It bids on your item of choice at the last second to battle people who camp out and poach items. If you realistically want these guitars and would buy them if you found them in a store for $200 or whatever, just put it in to bid $200 with 5 seconds remaining or something. If you win, you win. If you don't, you don't. You pay nothing if you don't win.

Glacies
October 26th, 2013, 07:57 AM
Guitar bids went crazy last night. I knew it was unrealistic but I think I'm going to keep watch for this type of thing. Thanks for link.

duhvoodooman
October 26th, 2013, 09:05 AM
+1 on the automated snipe service idea. IMO, this is the only way to go for straight auctions. You decide what is the maximum amount you're willing to pay and enter that as your snipe max. bid. These services only bid the lowest amount needed to beat the current high bid, so you don't have to worry about overbidding. Set the snipe up to place your bid 5 sec. or so before the auction ends, which pretty much guarantees that nobody an manually outbid you before the auction ends. And since you're not on e-Bay watching the auction, there's no temptation to get into a "bidding war" and let emotion overtake reason. You'll get an e-mail when the auction ends, advising you that you either won the item or were outbid.

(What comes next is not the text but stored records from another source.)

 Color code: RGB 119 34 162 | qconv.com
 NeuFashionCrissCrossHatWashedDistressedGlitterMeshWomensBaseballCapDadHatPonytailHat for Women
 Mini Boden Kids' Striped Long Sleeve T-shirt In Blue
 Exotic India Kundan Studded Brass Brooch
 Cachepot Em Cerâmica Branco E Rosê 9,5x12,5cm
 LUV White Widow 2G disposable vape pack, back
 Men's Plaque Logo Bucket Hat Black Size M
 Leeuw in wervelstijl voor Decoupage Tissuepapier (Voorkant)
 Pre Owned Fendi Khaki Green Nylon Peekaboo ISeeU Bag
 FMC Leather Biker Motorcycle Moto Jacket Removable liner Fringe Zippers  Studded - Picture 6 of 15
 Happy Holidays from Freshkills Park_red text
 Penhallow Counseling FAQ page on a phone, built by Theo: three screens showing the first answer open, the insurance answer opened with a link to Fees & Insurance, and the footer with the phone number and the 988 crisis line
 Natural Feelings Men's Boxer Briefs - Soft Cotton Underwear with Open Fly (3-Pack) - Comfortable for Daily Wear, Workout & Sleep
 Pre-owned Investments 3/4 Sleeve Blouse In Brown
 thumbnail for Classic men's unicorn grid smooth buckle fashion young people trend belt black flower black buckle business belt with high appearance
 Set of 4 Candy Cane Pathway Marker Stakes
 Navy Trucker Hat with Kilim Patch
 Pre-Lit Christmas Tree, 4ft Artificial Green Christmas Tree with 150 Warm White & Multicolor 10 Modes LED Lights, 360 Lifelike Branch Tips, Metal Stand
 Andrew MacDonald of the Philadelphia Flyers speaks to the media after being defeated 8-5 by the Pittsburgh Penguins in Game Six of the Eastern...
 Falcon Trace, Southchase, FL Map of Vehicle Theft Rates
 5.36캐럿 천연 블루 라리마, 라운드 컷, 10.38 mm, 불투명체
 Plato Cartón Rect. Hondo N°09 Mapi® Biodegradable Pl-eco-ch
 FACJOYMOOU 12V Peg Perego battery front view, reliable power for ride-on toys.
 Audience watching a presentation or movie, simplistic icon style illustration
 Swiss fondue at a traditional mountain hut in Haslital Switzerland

Incidentally, it's because the use of these sniping services has become so prevalent that the main activity on many auctions occurs within the last several seconds of the auction, and an item that has been sitting at a bargain price for days suddenly gets bid up & sells for much more.

NWBasser
November 3rd, 2013, 09:49 AM
http://www.esnipe.com/

It bids on your item of choice at the last second to battle people who camp out and poach items. If you realistically want these guitars and would buy them if you found them in a store for $200 or whatever, just put it in to bid $200 with 5 seconds remaining or something. If you win, you win. If you don't, you don't. You pay nothing if you don't win.

That's pretty cool. I had no idea there was such a service. Frankenfretter's fiancé sniped my G&L JB at the very last second for me and I got quite the deal on it.

jtees4
November 5th, 2013, 02:38 PM
It's called an auction. Only the final bid is the actual price. So anything until then is totally meaningless.